5. Dans une clairière parfaitement plane,

 

Dans une clairière parfaitement plane, Robinson mit à jour sous les herbes un beau tronc de myrte sec, sain et de belle venue qui pourrait faire la pièce maîtresse de son futur bateau. Il se mit aussitôt au travail, non sans continuer à surveiller l’horizon qu’il pouvait voir de son chantier, car il espérait toujours la survenue d’un navire. Après avoir ébranché le tronc, il l’attaqua à la hache pour lui donner le profil d’une poutre rectangulaire. Malgré toutes ses recherches dans La Virginie, il n’avait pu trouver ni clous, ni vis, ni vilebrequin, ni même une scie. Il travaillait lentement, soigneusement, assemblant les pièces du bateau comme celles d’un puzzle. Il escomptait que l’eau en faisant gonfler le bois donnerait à la coque une solidité et une étanchéité supplémentaires. Il eut même l’idée de durcir à la flamme l’extrémité des pièces, puis de les arroser après l’assemblage pour mieux les souder dans leur logement. Cent fois le bois se fendit sous l’action soit de l’eau, soit de la flamme, mais il recommençait toujours sans ressentir ni fatigue ni impatience.
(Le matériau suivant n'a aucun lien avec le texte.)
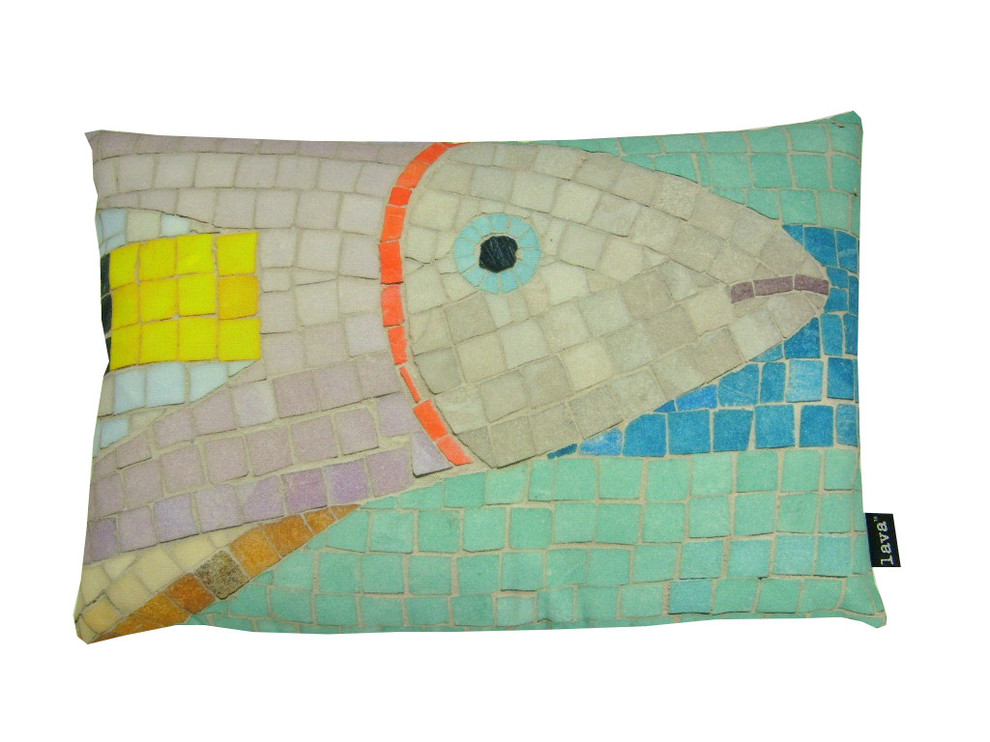Fish Mosaic 15x23 Pillow Indoor Outdoor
Dans ces travaux c’était le manque d’une scie dont Robinson souffrait le plus. Cet outil – impossible à fabriquer avec des moyens de fortune – lui aurait épargné des mois de travail à la hache et au couteau. Un matin, il crut rêver encore en entendant à son réveil un bruit qui ne pouvait être que celui d’un scieur en action. Parfois le bruit s’interrompait, comme si le scieur changeait de bûche, puis il reprenait avec une régularité monotone. Robinson sortit doucement du trou de rocher où il avait l’habitude de dormir, et il avança à pas de loup vers l’endroit d’où provenait le bruit. D’abord il ne vit rien, mais il finit par découvrir au pied d’un palmier un crabe gigantesque qui sciait avec ses pinces une noix de coco serrée dans ses pattes. Dans les branches de l’arbre, à six mètres de haut, un autre crabe cisaillait la queue des noix pour les faire tomber. Les deux crabes ne parurent pas du tout gênés par l’arrivée de Robinson et ils poursuivirent tranquillement leur bruyant travail.